The order allows a closing of the deal by no later than next Monday, because it lifts a temporary stay that Justice Ruth Bader Ginsburg had issued on Monday; she did so, apparently, only to give the Court time to ponder the issue.
Presumably, the closing could occur before next Monday, since that was the “end date” only in the Chrysler agreement.
The Court said nothing about the biggest issue lurking in the case: the legality of using federal “bailout” money to pay for the rescue of an auto manufacturer. In fact, the order stressed that “a denial of a stay is not a decision on the merits of the underlying legal issues.”
Actually, a second but no less important issue (at least in my mind) is the legality of the Federal Government (specifically, the Executive Branch) to flout bankruptcy law to place unsecured creditors interests before secured creditors. The Supreme Court did not address this concern at all in its decision. But I’m not surprised…

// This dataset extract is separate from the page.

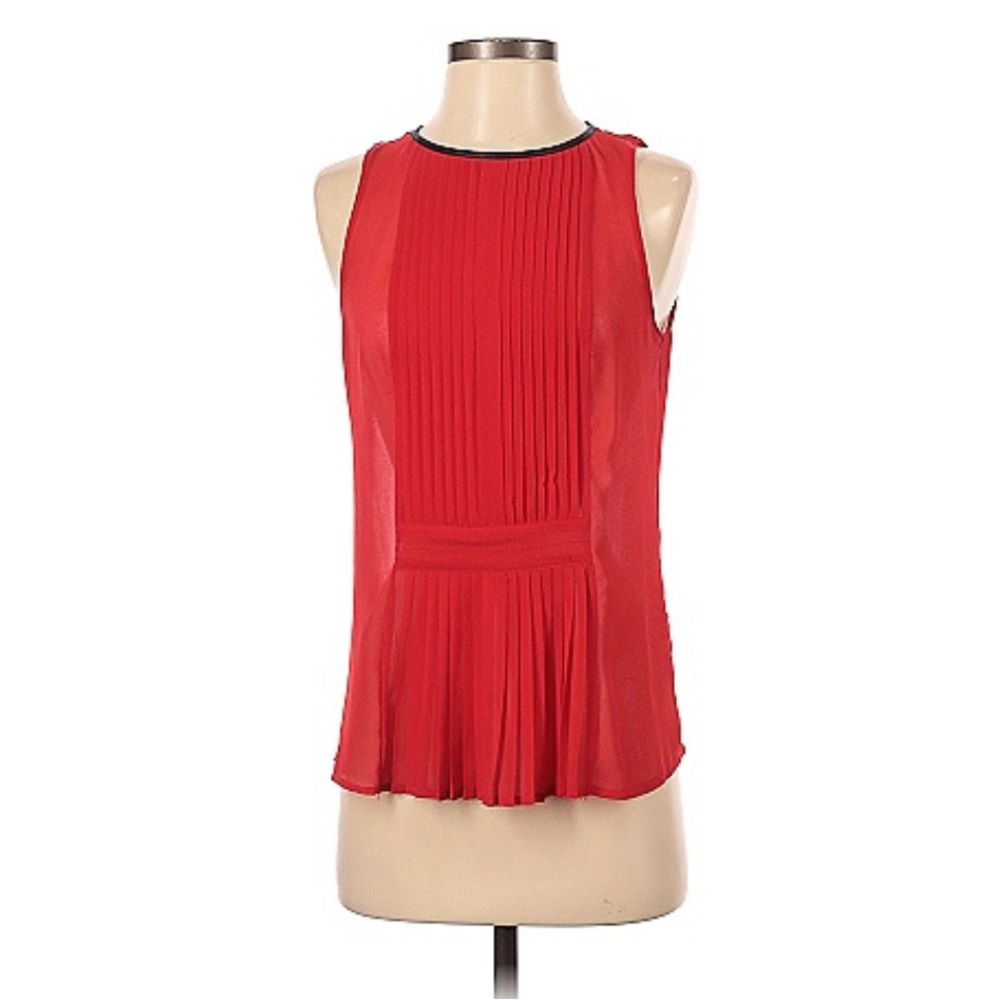 Zara Trafaluc Red Sleeveless Blouse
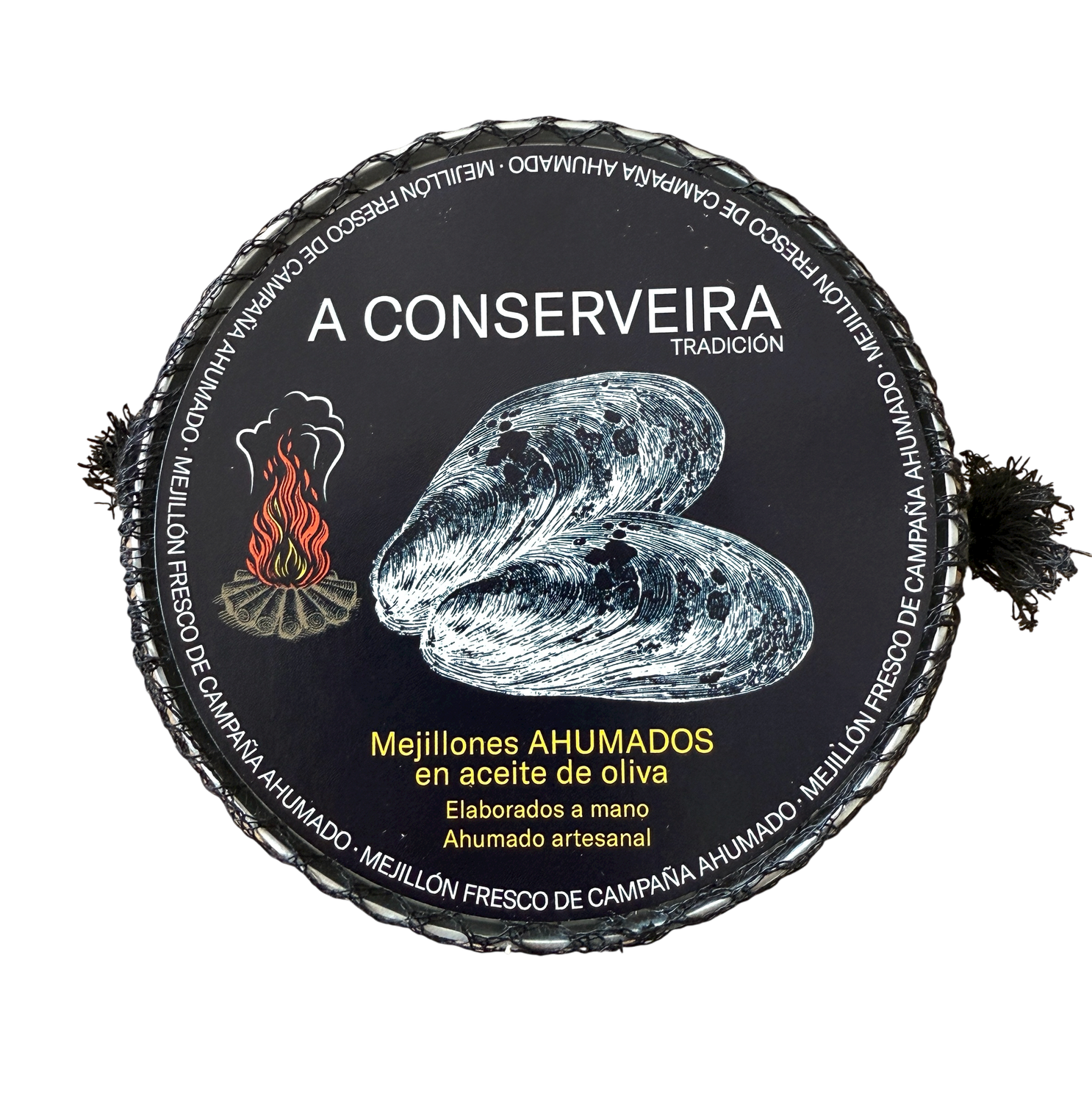Mejillones ahumados en aceite de oliva A CONSERVEIRA 8-12 piezas 70 g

If you remember, the Supreme Court ruled in 2005 that the Government could acquire property via eminent domain and sell that property to another individual if that action would be in the public good. While this could be considered a “stretch” of that decision, the sale of Chrysler could be considered in the public good since the company would not be liquidated, thereby saving the livelihoods of thousands of workers and preserving the tax-base of many communities.

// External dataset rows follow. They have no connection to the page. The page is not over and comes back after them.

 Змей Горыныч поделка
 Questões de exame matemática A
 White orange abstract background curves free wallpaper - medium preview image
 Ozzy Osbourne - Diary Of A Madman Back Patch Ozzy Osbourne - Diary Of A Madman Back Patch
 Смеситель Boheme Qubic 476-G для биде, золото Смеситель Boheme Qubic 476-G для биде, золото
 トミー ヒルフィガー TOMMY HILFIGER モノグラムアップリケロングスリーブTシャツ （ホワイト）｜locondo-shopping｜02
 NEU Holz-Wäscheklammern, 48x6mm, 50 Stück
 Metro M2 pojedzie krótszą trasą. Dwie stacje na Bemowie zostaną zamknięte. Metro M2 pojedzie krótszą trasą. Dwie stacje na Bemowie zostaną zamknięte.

Caught in this mess are still the 789 Chrysler dealers that are being closed down (also devastating many communities) and the bondholders like the Indiana group that were forced to accept pennies on the dollar for their $Billions in secured investments.

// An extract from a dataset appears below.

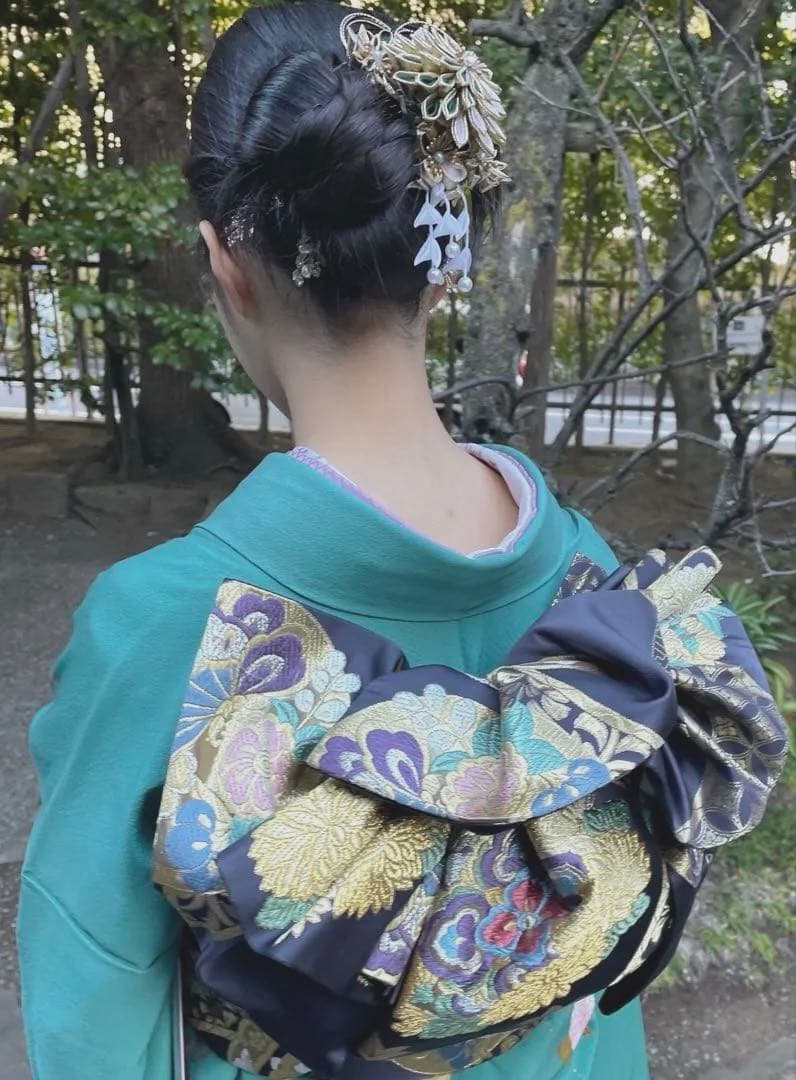 振袖フルセット 着付け小物 髪飾り バッグ等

Quite frankly, if I was an investor, this decision would send a chill down my spine. This means that any secured investment is not secured, and that the terms of the note could be ignored.
Yeah, it really is all about money…but should it?
What is disturbing to many (including the few readers of this blog) is that our government is now in the business of business more than ever. Make no mistake, is always has been, but now it is more blatant than ever. It used to confine itself to regulations, rules, & tariffs to try & keep consumers from being injured and otherwise harming the environment unnecessarily. Now government is making sweeping changes including deciding ownership of companies and how they are run from within the companies themselves.
We, as a nation, must decide if this is the role that we want our government to take. If so, then we are no better than the old USSR, Venezuela, Cuba, and a host of other Socialistic countries. And look where their economies are. And that is cause for alarm.